Preclinical studies suggest that the acute administration of delta-9-tetrahydrocannabinol (Δ-9-THC), the principal active constituent of cannabis, is associated with a dose-dependant increase in cortisol levels (Brown and Dobs 2002). However, in humans, the acute effects of cannabinoids on cortisol release are less clear with some (Cone et al. 1986), but not other studies (Dax et al. 1989) reporting increased cortisol levels associated with acute administration of cannabinoids.
The human and preclinical literature is mixed with reports of a decrease, increase, or no change in prolactin levels following the administration of cannabinoids (Cone et al. 1986; Dax et al. 1989; Lemberger et al. 1975; Markianos and Stefanis 1982; Mendelson et al. 1984; Mendelson et al. 1985; Murphy et al. 1990; Rettori et al. 1988; Wenger et al. 1987).
Most of the existing literature on the acute effects of cannabinoids does not control for possible effects of chronic exposure to cannabis. The latter is important given increasing preclinical and clinical evidence suggesting the development of tolerance to several cannabinoid effects in association with chronic exposure. Studies of baseline prolactin levels in individuals with chronic exposure to cannabinoids have also been mixed with some (Dax et al. 1989; Harmon and Aliapoulios 1972; Olusi 1980) but not other evidence (Block et al. 1991) suggesting that chronic cannabis exposure is associated with lower baseline prolactin levels. Finally, in the only study examining baseline cortisol levels, there were no differences between cannabis users and controls (Block et al. 1991).
In summary, the existing literature, while suggestive of an acute effect of cannabinoids on cortisol and prolactin release in humans, is limited by small sample sizes (n=6–22), heterogeneous samples with regard to cannabis exposure, lack of controlling for chronic cannabis exposure, differing methodologies, and limited dose–response data. Related to dose–response, some cannabinoid effects, e.g., on anxiety are biphasic, with low and high doses producing divergent effects. Whether cannabinoids have biphasic hormonal effects in humans is unknown. Finally, while there are some studies that have separately examined the acute and chronic endocrine effects of cannabinoids in humans, we are unaware of any studies comparing the acute, chronic, and acute on chronic effects. Chronic and acute on chronic effects of Δ-9-THC on endocrine function may reflect clinically relevant evidence of long-term adaptation of the cannabinoid receptor system associated with chronic cannabis use.

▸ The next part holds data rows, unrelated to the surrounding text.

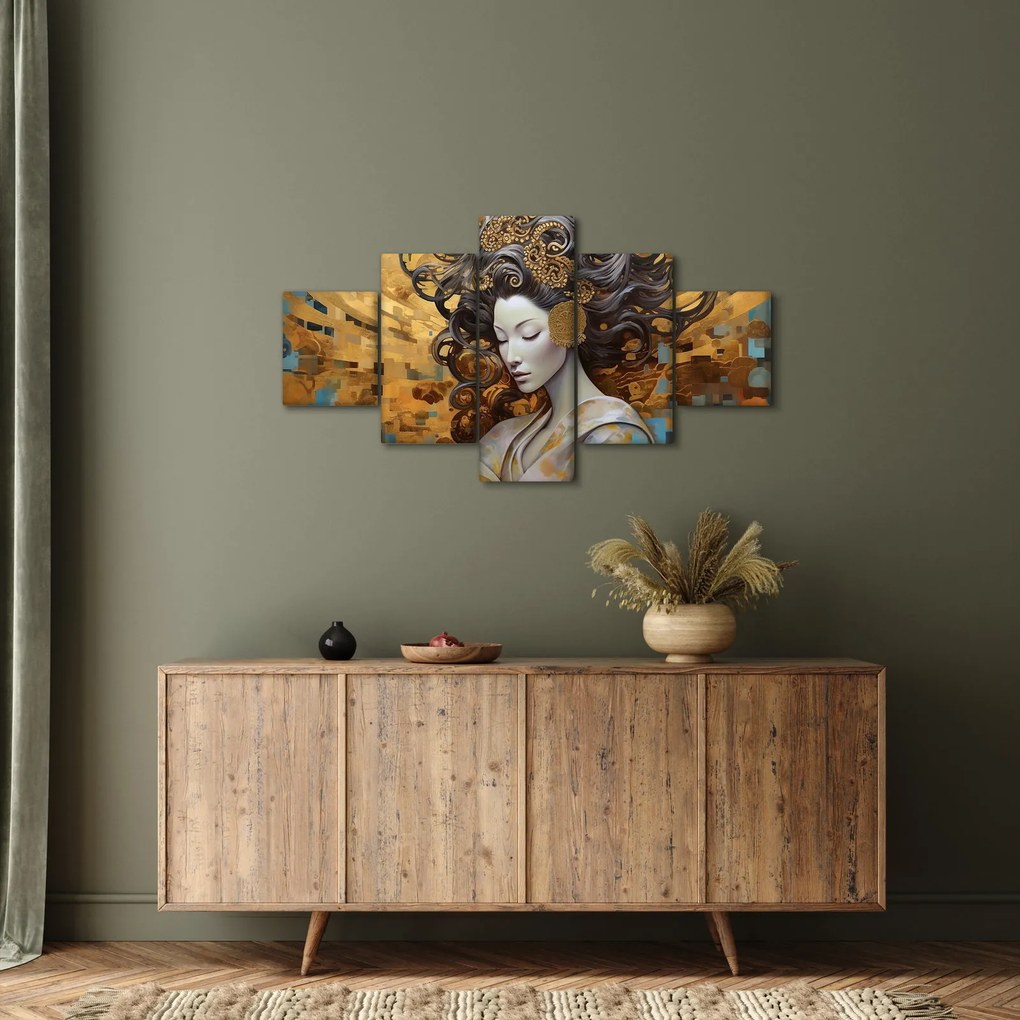 Obraz - Lekkość (125x70 cm)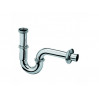 Сифон латунный для раковины хром Kludi G1 1/4 (1025005-00)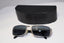 PRADA Mens Designer Sunglasses Black Executive SPR 52F 1AP-1A1 15696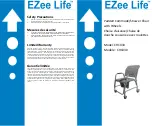 EZee Life CH1030 Instructions preview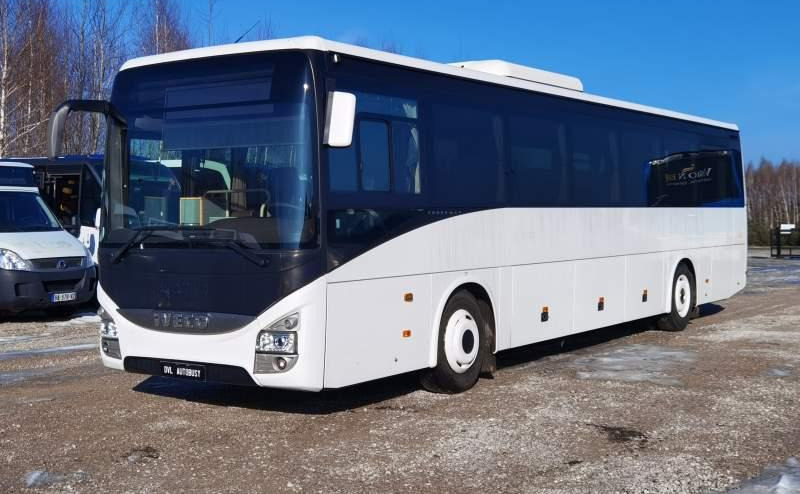 Iveco Arway Crossway 12m EURO 6 KLIMA, Intouro, ul - Autocar: foto 1 Iveco Arway Crossway 12m EURO 6 KLIMA, Intouro, ul - Autocar: foto 1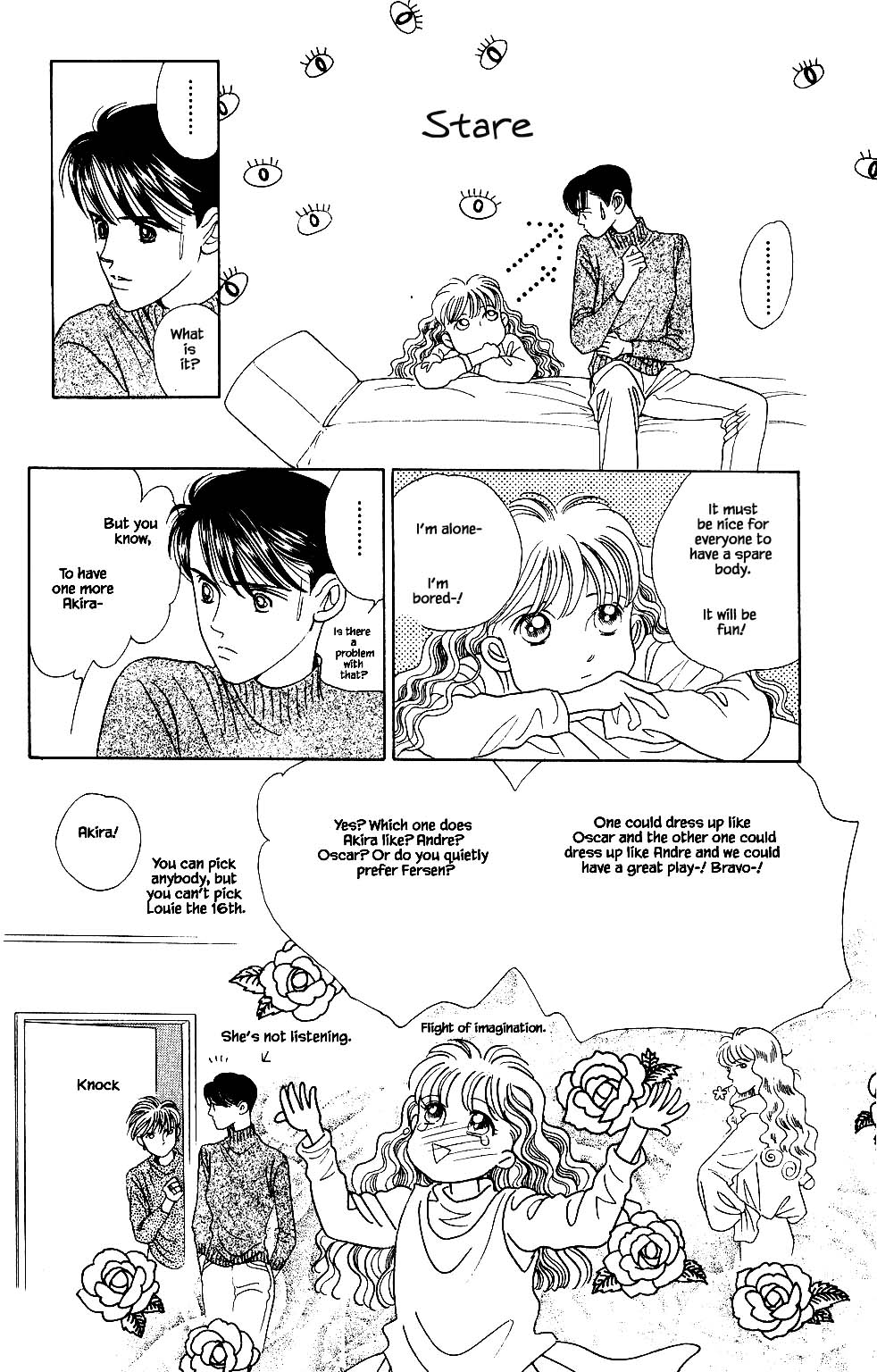 Kaguya Hime Chapter 28 page 5 - Chapter 28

A series of studies with several doses of Δ-9-THC at our center have yielded a large database of the endocrine effects of Δ-9-THC in humans. This database provides a unique opportunity to examine the dose-related acute, chronic, and acute on chronic effects of Δ-9-THC in a large sample of frequent users of cannabis and healthy control subjects. We hypothesized firstly that Δ-9-THC would produce dose-related increases in plasma cortisol levels and decreases in plasma prolactin levels. Secondly, relative to controls, frequent users of cannabis would show altered baseline levels of these hormones and blunted Δ-9-THC-induced changes of these hormones.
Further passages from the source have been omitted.